Bloomberg Kicks Off “Day One” Of His Run For President To Near Empty Texas Restaurant
Not even 50 people showed up to Bloomberg’s kickoff event for President in Texas. Michael Bloomberg, the Democrat turned Republican turned Independent turned Democrat started his campaign officially in San Antonio, Texas.
The billionaire held his first event in a San Antonio venue called Viva Villa Restaurant. The gathering had been hyped up by the campaign for some time, and the Bloomberg team publicized the event to supporters. There was one problem though. Almost nobody showed up.
The venue ended up having an audience of less than 50 people. 45 in total according to reporters at the event. Not the showing a candidate running for president wants to have as their grand day one event.
The Washington Examiner was the first newspaper to point out the dismal numbers for the former Mayor, calling it a small gathering. Other media outlets have opted to ignore the turnout.
Even more troubling for the campaign, Bloomberg brought in high profile supporter Judge Judy to help drum up an audience, and this failed.
“When I’m in the Oval Office, no more tweeting,” Bloomberg promised the gathering.
“Actually I can’t spell very well,” he admitted. “So that’s relatively easy to do.”
He then went on the offensive against President Trump.
“We are here to win this election and I am running to defeat Donald Trump,” Bloomberg said. “We’re going to finally turn Texas blue.”
The small following applauded the announcement.
Bloomberg has chosen many unconventional pages out of the campaign playbook.
He jumped in late as the Democratic Primary has begun winding down in prep for the primaries.

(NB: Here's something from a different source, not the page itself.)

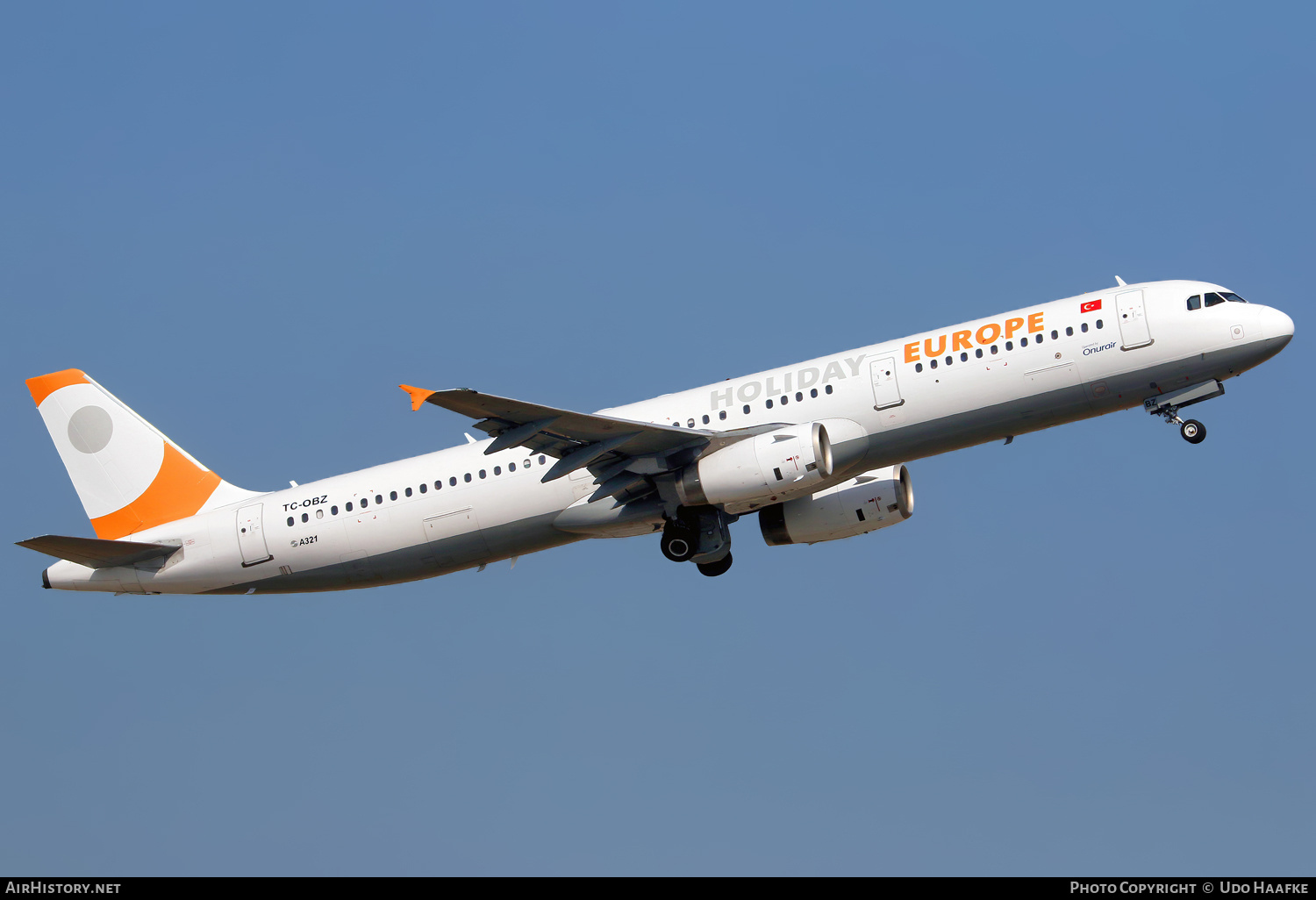 Aircraft Photo of TC-OBZ | Airbus A321-231 | Holiday Europe | AirHistory.net #711863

He is also choosing to altogether skip the first couple primaries that are seen as essential for a candidate for president.
The billionaire is estimated to be worth over $50 billion. In the seven weeks since he announced his campaign, he’s guessed to have burned through $200,000,000 of it.
At the event in Texas, Bloomberg promised to be soft of illegal immigration, tough on gun rights, and expand big government for health care.
“When the law was written, the internet and gun shows didn’t exist, and so the (current) law doesn’t apply to them. That’s the only thing that we need changed,” he said.